String#hash changed in Ruby 1.9?

dpitman · May 4, 2009, 4:24pm

Hi all,
in ruby 1.8.7:
david@trince ~$ ruby -e ‘puts “abc”.hash’
833038373
david@trince ~$ ruby -e ‘puts “abc”.hash’
833038373
david@trince ~$ ruby -e ‘puts “abc”.hash’
833038373

[always the same number]

in ruby 1.9.1:
david@trince ~$ ruby -e ‘puts “abc”.hash’
402929305
david@trince ~$ ruby -e ‘puts “abc”.hash’
-403532784
david@trince ~$ ruby -e ‘puts “abc”.hash’
-650364342

What happened? Is this intentional? Rationale? Any tips on how to
replace it?

dpitman · May 4, 2009, 4:41pm

Am Montag 04 Mai 2009 16:22:01 schrieb David P.:

in ruby 1.9.1:
david@trince ~$ ruby -e ‘puts “abc”.hash’
402929305
david@trince ~$ ruby -e ‘puts “abc”.hash’
-403532784
david@trince ~$ ruby -e ‘puts “abc”.hash’
-650364342

What happened?
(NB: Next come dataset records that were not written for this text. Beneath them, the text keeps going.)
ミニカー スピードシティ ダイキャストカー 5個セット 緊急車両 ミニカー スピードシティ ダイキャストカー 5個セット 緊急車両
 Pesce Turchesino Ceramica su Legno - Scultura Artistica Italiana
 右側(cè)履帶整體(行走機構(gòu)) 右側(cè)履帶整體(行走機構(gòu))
Is this intentional?

1.9 uses murmurhash(http://murmurhash.googlepages.com/) with a random
seed
which is generated once per application-run.

Any tips on how to replace it?

What does it hurt if the hash value of a string does not remain constant
between runs of the application?

HTH,
Sebastian

dpitman · May 4, 2009, 4:49pm

Any tips on how to replace it?

What does it hurt if the hash value of a string does not remain constant
between runs of the application?

In my case it’s pretty bad. I use it in a command line utility to cache
rake tasks. I create one cachefile for each directory, naming them using
the String#hash of the full path (Dir.pwd.hash). If the hash is
different the next time the program runs the cache lookup fails (and I
get a new cache file instead of the old one).

So, I don’t need anything fancy, just an equivalent to Dir.pwd.hash that
stay consistent. Do I need to MD5 it? Feels like overkill. Why was this
changed in the first place?

dpitman · May 4, 2009, 10:58pm

On Tue, 5 May 2009 02:15:09 +0900, Robert K. wrote:

Hm… But you do admit that this is a bit abusive, do you?
Especially since there are no guarantees that you won’t have any
collisions with a hash value like the one returned by #hash.

Oh yes, it’s just a quick and convenient way of doing it. Dunno if I’d
call it “abusive”, but it’s sure not military grade programming…

How about storing your cache files with a fixed name in the original
directory? Or have a file with metadata (mapping from path to cache
file name)?

Fixed name won’t work; most directories are scm tracked so it’d be a
mess to keep the cache files out of the way. One big(ish) cache file
might work. Maybe even a sqlite db. Have to run some benchmark on that.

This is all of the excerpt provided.